[Start of section]
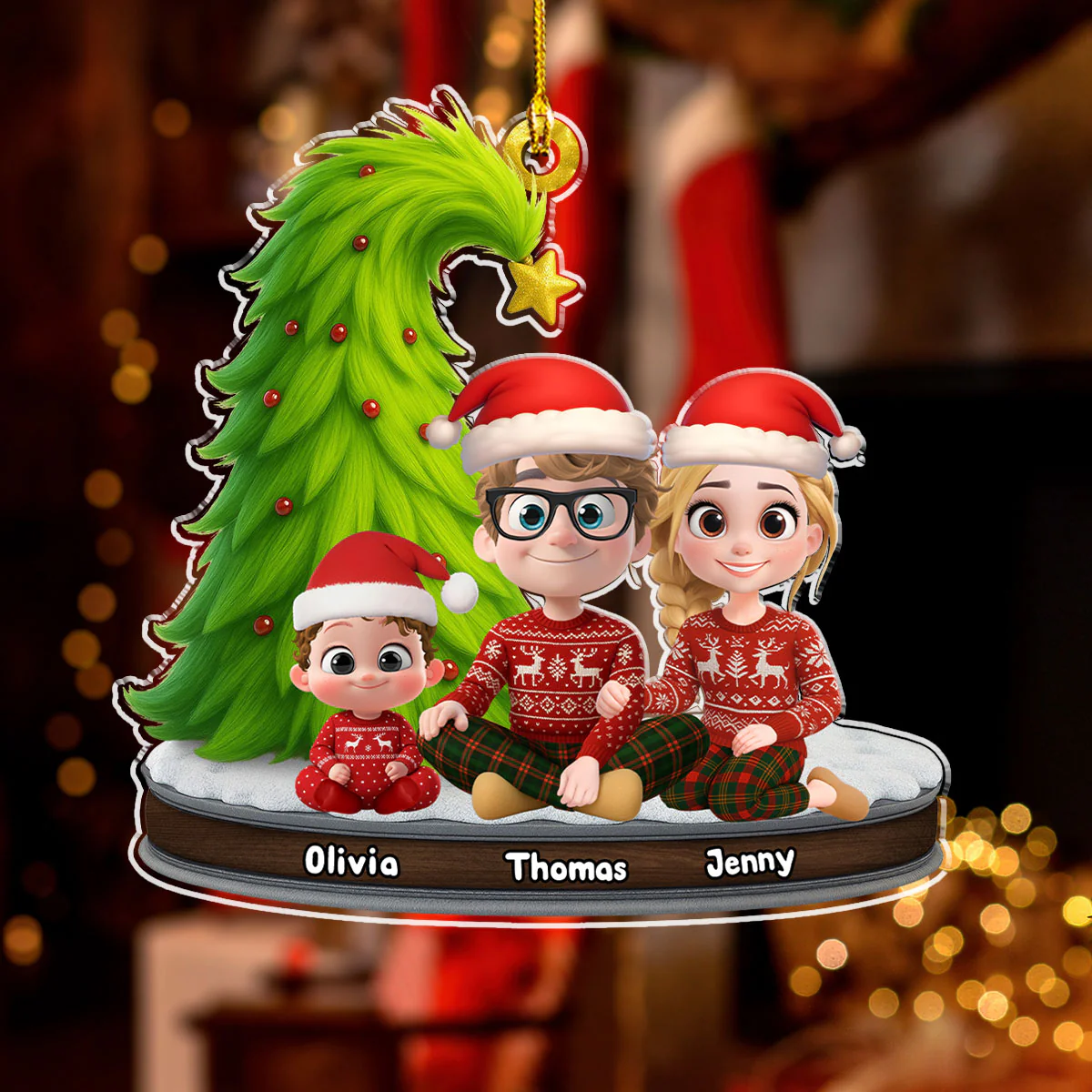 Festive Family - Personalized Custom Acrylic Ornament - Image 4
[End of section]
[Start of section]
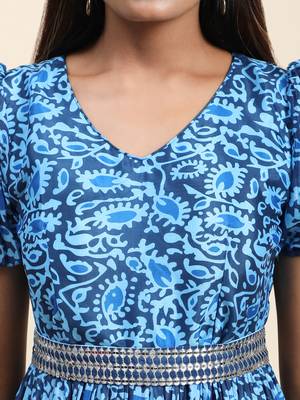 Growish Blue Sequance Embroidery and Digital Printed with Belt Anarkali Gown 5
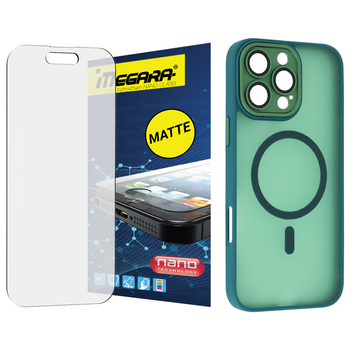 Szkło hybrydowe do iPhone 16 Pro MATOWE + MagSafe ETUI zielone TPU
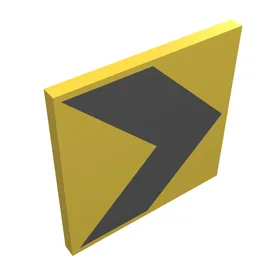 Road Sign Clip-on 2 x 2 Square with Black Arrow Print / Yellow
[End of section]
YOUR GOAL
No picture is to be printed. Output exactly the lines above from the line containing "Szkło hybrydowe do" through the line containing "Road Sign Clip-on".

RESPONSE TO THE TASK
 Szkło hybrydowe do iPhone 16 Pro MATOWE + MagSafe ETUI zielone TPU
 Road Sign Clip-on 2 x 2 Square with Black Arrow Print / Yellow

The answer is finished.